A 51 ans, Pierre Larrouturou est économiste, mais aussi l’un des fondateurs du parti Nouvelle Donne. D’abord encarté au PS, ce disciple de Michel Rocard et allié de Stéphane Hessel a décidé de créer son parti en 2013. Ce projet est né du « Collectif Roosevelt 2012 », qui mettait en avant 15 propositions, en référence aux 15 réformes que Roosevelt a fait adopter quand il est arrivé à la Maison blanche en 1933. Après avoir prédit la crise de 2008, Pierre Larrouturou continue de remettre en cause le système bancaire et l’inertie du gouvernement français. Une nouvelle donne est-elle possible ? Il répond à Buzzles.

Vous aviez prédit la crise de 2008, et vous dites qu’une autre peut nous tomber dessus très rapidement. Vous proposez une restructuration des banques françaises avec notamment la séparation des banques de dépôt et des banques d’affaire. Est-ce que ça n’est pas un peu utopique face à la pression des lobbies qu’on connait ? 

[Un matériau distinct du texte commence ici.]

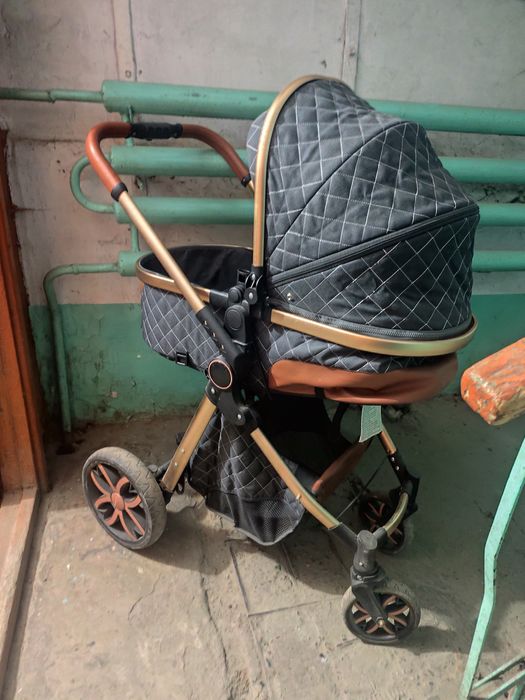 Коляска в хорошем состояний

Non, ce qui est utopique c’est de croire que l’on peut continuer comme ça. Le FMI vient de dire deux fois en trois semaines qu’on risquait de voir l’économie mondiale dérailler. Pas juste ralentir : dérailler. Il faut donc séparer les banques de dépôts et les banques d’affaires. C’est ce qu’a fait Roosevelt quand il est arrivé au pouvoir en 1933. Quand j’étais petit, il y avait d’un côté BNP et d’un côté Paribas. Paribas était une banque d’affaire qui avait le droit d’exister, mais pas le droit de récupérer l’argent des citoyens pour spéculer sur les marchés, et n’avait pas la garantie de l’Etat. Quand elle faisait des bénéfices c’était pour elle, mais si elle faisait des pertes c’était les actionnaires qui perdaient leur argent. Tandis que maintenant qu’il y a BNP et Paribas dans la même unité, Paribas peut prendre l’argent de monsieur et madame tout le monde et le placer sur des marchés financiers, souvent très casse gueule. De facto, ça donne la garantie de l’Etat car quand il y a des milliards de bénéfices, c’est pour les traders et les actionnaires, mais s’il y a des milliards de perte, le patron de BNP Paribas va aller voir le ministre en disant « Monsieur le ministre vous pouvez pas nous laisser faire faillite sinon il y a 3 millions de gens qui font faillite ». Donc s’il n’y a pas la séparation entre les deux types de banques, on donne la garantie de l’Etat et on permet aux traders de spéculer avec notre argent. Si on les sépare, les banques d’affaire calment le jeu et spéculent beaucoup moins, et les banques de dépôt, avec l’argent de monsieur et madame tout le monde, se tournent vers l’économie réelle. Parce qu’il faut quand même faire fructifier cet argent, on ne va pas le mettre au frigo. Dans ce cas, comme elles ne peuvent plus aller spéculer sur les marchés financiers, elles vont se tourner vers les PME et les entreprises du coin. Elles vont faire un boulot de banquier.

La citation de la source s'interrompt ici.